Pinkerton Academy science teacher honored by VFWBy Adam Swift
Union Leader correspondent
May 16. 2013 11:12PM
DERRY — For longtime Pinkerton Academy science teacher Brewster Bartlett, being named the 2013 high school teacher of the year by Veterans of Foreign Wars Post 1617 is about more than what he's accomplished in the classroom.
Bartlett said he believes part of the reason he was named Teacher of the Year by the VFW is because of his role in keeping alive the memory of the US Army's 10th Mountain Division in the mountains of New Hampshire.
Bartlett's father, Warren, was a member of the 10th Mountain Division, which trained on skis and fought in some of the most dangerous and mountainous terrain in Italy during World War II.
Fifteen years ago, Bartlett's father began a memorial in the woods of his 100-acre property in Lancaster to those who served in the division during World War II. As his father grew older, Bartlett took on a greater role keeping the memory of those veterans alive. His father passed away two years ago.
"Those men all did wonders for the ski areas in New England, including Attitash and Loon, and now those men are all getting older," said Bartlett. "The veterans used to run the meetings, but now it is up to the descendants."
Each July, a memorial service is held on the property in Lancaster, and a cross is planted for each member of the division who died during the previous year.
"There are 93 crosses on the land now with the plants and trees," said Bartlett. "My dad started with four of them for his friends from World War II."
Bartlett said his family will continue to hold the memorial services as long as there are survivors or their descendants who make the trek to Lancaster each summer.
However, Bartlett's honor from the VFW is about much more than what he does for veterans; it's also about what he has done for his students over the course of 41 years at Pinkerton Academy.
Bartlett has been at the forefront of a number of environmental initiatives at the school, including some that are well into their third decades.
"In the early '80s, we started the beach cleanup in Rye in September, and now we're working with Kohl's in Salem to do another beach cleanup," said Bartlett.
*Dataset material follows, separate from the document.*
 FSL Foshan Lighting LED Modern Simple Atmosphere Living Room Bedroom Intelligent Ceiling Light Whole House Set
He has played a crucial role in the Students for Environmental Action group at the high school, including helping to start a shoe project where used shoes are collected, cleaned and shipped to Africa.
Bartlett is constantly looking at ways to make the school more green, whether it is through campaigning for waterless toilets in the new Academy building or setting up a program to make sure computers in the computer lab are shut down every night.
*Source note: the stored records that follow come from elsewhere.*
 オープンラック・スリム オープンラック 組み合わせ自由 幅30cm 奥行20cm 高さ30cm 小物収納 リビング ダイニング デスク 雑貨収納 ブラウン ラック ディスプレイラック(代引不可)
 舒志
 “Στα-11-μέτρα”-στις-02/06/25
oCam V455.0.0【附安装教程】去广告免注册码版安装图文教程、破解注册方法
And while Bartlett has been teaching for 41 years, he is far from one to remain set in his ways, embracing the latest technology and trying to keep pace with his students.
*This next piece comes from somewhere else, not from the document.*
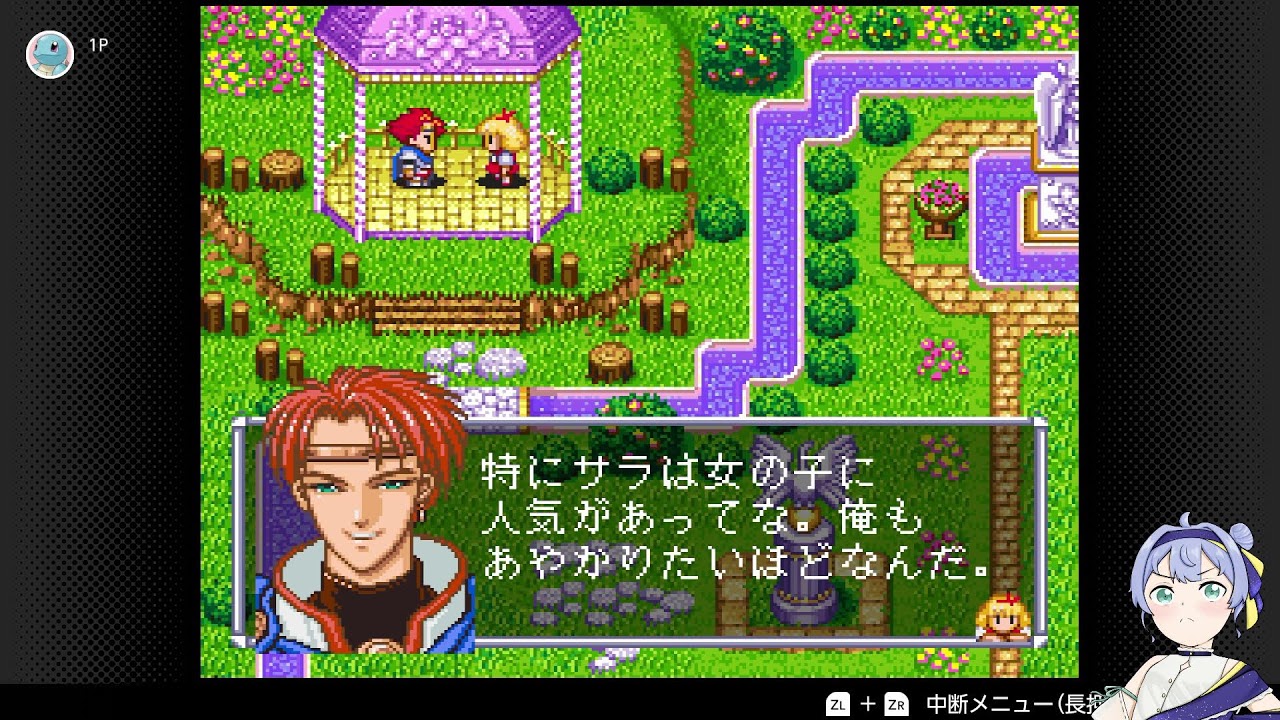 【ネタバレ注意】【アンジェリーク】みちこの恋を応援したい（初見）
"I've seen the changes from chalkboards to whiteboards to smart boards," said Bartlett. "You've got to keep up with technology. If you don't, you're not going to relate to the kids."
In addition to the greater reliance on technology over the past decade, Bartlett said he has also seen a heartening increase in collaboration among students.
"Students are working together and communicating more," he said. "It's really a change for most subject areas."
Bartlett said he has no plans to slow down either inside or outside of the classroom.
"People ask me when I'm going to retire," he said. "I say, why should I when I still enjoy it."